[Web page caption snippets]
_ _ _ _

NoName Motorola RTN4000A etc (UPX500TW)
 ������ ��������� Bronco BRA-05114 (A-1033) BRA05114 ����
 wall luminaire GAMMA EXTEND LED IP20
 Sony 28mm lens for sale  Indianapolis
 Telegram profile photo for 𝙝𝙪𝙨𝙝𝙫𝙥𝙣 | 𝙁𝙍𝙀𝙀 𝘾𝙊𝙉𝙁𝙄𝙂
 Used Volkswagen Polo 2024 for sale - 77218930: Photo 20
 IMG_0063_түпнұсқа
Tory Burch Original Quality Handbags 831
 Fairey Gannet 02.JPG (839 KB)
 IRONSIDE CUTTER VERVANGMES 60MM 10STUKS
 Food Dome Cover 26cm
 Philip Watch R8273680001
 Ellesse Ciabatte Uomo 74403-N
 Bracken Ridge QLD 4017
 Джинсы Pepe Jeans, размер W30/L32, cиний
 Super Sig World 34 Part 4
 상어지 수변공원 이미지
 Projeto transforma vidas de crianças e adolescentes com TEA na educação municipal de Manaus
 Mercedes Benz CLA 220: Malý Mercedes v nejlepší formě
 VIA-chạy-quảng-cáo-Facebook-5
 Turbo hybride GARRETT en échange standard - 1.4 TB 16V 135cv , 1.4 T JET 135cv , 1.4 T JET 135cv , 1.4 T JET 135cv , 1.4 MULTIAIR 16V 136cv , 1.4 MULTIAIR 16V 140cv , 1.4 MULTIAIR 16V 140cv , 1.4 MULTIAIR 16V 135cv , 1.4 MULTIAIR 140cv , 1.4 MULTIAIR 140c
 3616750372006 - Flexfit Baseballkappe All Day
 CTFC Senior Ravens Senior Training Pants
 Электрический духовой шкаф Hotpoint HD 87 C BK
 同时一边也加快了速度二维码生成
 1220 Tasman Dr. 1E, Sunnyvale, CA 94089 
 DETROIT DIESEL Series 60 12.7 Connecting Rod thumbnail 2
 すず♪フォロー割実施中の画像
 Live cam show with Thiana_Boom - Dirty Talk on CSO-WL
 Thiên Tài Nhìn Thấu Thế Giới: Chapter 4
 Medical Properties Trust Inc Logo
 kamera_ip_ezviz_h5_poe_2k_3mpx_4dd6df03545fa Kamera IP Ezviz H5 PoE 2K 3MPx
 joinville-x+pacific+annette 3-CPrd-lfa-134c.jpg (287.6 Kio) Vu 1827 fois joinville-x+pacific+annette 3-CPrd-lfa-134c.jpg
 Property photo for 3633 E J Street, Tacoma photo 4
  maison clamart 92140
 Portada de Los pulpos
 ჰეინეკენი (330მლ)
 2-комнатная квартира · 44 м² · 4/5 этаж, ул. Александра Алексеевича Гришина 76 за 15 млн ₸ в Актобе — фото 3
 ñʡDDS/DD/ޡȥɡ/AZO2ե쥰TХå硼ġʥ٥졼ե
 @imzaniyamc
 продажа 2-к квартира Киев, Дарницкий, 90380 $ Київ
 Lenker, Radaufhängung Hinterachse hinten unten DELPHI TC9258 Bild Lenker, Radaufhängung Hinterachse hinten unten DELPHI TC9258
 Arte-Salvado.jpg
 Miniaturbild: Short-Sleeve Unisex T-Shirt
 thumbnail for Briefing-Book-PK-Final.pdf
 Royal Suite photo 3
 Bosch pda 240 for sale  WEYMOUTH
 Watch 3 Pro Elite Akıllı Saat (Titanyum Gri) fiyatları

_ _ _ _

● **What the exercise asks**
Among the entries above, locate the lines containing "Used Volkswagen Polo" and "VIA-chạy-quảng-cáo-Facebook-5", and transcribe exactly those two lines and all lines between.

● **Final answer**
 Used Volkswagen Polo 2024 for sale - 77218930: Photo 20
 IMG_0063_түпнұсқа
Tory Burch Original Quality Handbags 831
 Fairey Gannet 02.JPG (839 KB)
 IRONSIDE CUTTER VERVANGMES 60MM 10STUKS
 Food Dome Cover 26cm
 Philip Watch R8273680001
 Ellesse Ciabatte Uomo 74403-N
 Bracken Ridge QLD 4017
 Джинсы Pepe Jeans, размер W30/L32, cиний
 Super Sig World 34 Part 4
 상어지 수변공원 이미지
 Projeto transforma vidas de crianças e adolescentes com TEA na educação municipal de Manaus
 Mercedes Benz CLA 220: Malý Mercedes v nejlepší formě
 VIA-chạy-quảng-cáo-Facebook-5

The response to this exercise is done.